Given data:
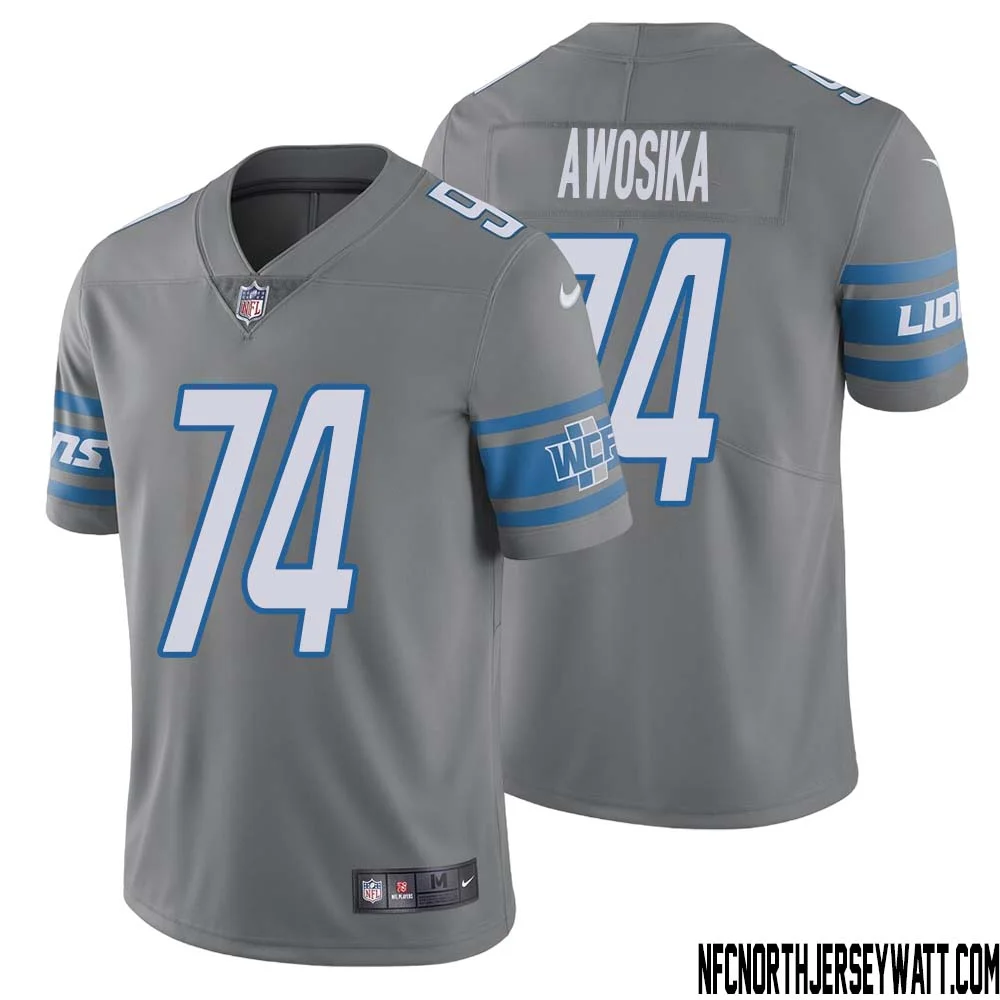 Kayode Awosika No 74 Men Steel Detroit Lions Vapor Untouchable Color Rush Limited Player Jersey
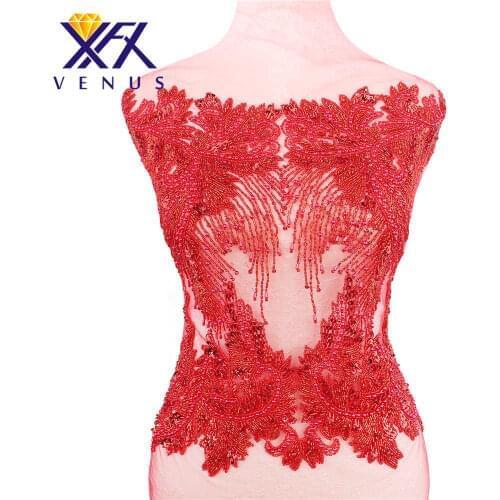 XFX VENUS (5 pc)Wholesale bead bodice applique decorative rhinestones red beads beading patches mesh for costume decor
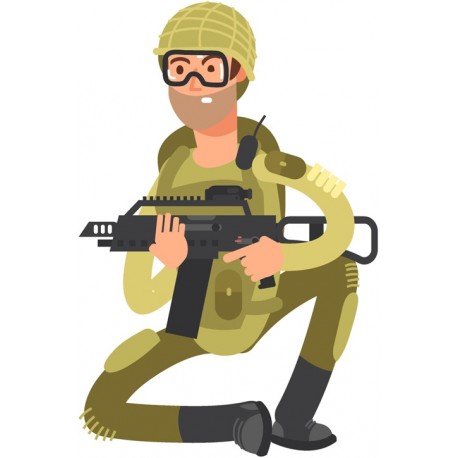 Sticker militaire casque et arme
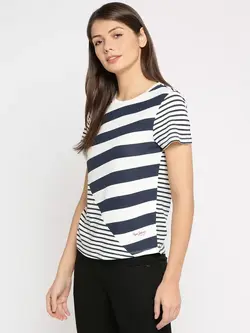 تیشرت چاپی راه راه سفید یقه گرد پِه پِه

Problem details: Please give back every line above exactly as it stands, without pictures.

Your solution:
 Kayode Awosika No 74 Men Steel Detroit Lions Vapor Untouchable Color Rush Limited Player Jersey
 XFX VENUS (5 pc)Wholesale bead bodice applique decorative rhinestones red beads beading patches mesh for costume decor
 Sticker militaire casque et arme
 تیشرت چاپی راه راه سفید یقه گرد پِه پِه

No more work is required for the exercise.